Oakland Athletics season results, 1971–1975
| Season | Record | Divisional finish | Playoffs |
|---|---|---|---|
| 1971 | 101–60 | 1st (West) | Lost ALCS to Baltimore Orioles, 3–0 |
| 1972 | 93–62 | 1st (West) | Won ALCS vs. Detroit Tigers, 3–2 Won World Series vs. Cincinnati Reds, 4–3 |
| 1973 | 94–68 | 1st (West) | Won ALCS vs. Baltimore Orioles, 3–2 Won World Series vs. New York Mets, 4–3 |
| 1974 | 90–72 | 1st (West) | Won ALCS vs. Baltimore Orioles, 3–1 Won World Series vs. Los Angeles Dodgers, 4–1 |
| 1975 | 98–64 | 1st (West) | Lost ALCS to Boston Red Sox, 3–0 |

==Legacy==
Four individuals from the group have been inducted into the National Baseball Hall of Fame: Hunter (1987), Fingers (1992), Jackson (1993), and Williams (2008); of the four,Fingers and Williams were inducted with the A's logo on their plaque.

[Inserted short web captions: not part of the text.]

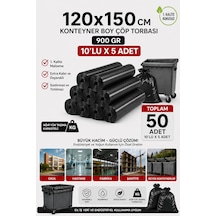 120x150 Cm 240 Litre Konteyner Boy Çöp Torbası 50 Adet Siyah Dayanıklı Endüstriyel Çöp Poşeti 10'lu 5 Rulo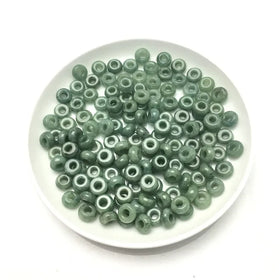 Large Hole Jade Rondelle Beads for Jewelry Making Natural Gemstone Beads Fit Charms Bracelet Jade Circle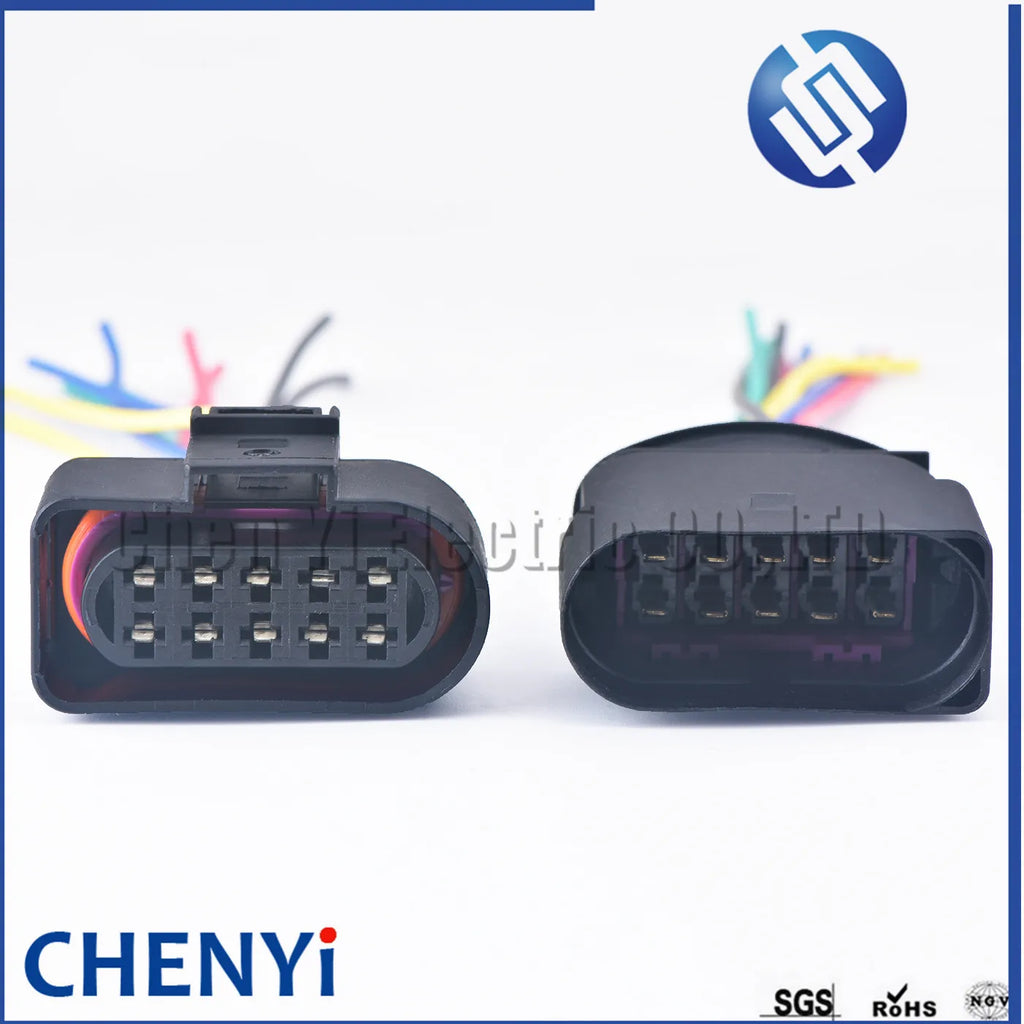 10 Pin 3.5mm Auto waterproof connector 1J0973735 Temp Sensor Plug Deflation Valve halogen headlights Plug 6R0973735 with wire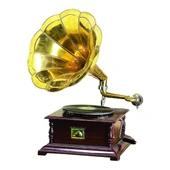 Gramofon Plakçalar Nostaljik Kurmalı Ahşap Kare ASIG509 thumbnail 1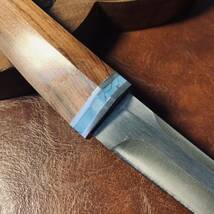 超高品質 木鞘ナイフ 鋼刃 和式小刀 伝統工芸　日本刀型 キャンプ　アウトドア　釣り 野外登山 25cm_画像2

Sparky Anderson, who managed the Big Red Machine, described that the best World Series in history was not the 1975 World Series that he managed to victory, saying "I'll always maintain that the best Series I was ever involved in was the 1972 World Series against Oakland. That's because those were the two of the finest ball clubs to go against each other that you'll ever see in I don't know how long.” Reggie Jackson called his team the best in a generation, one that dwarfed his later success with the New York Yankees (who won two titles in the latter half of the 1970s).

In 2017, MLB Network released a documentary detailing The Swingin' A's that told the story of the group.

Several members have been inducted into the team Hall of Fame, starring with Fingers, Hunter, Jackson, and Finley for the inaugural class in 2018. Seven members from the dynasty have joined them, which included Williams in 2024.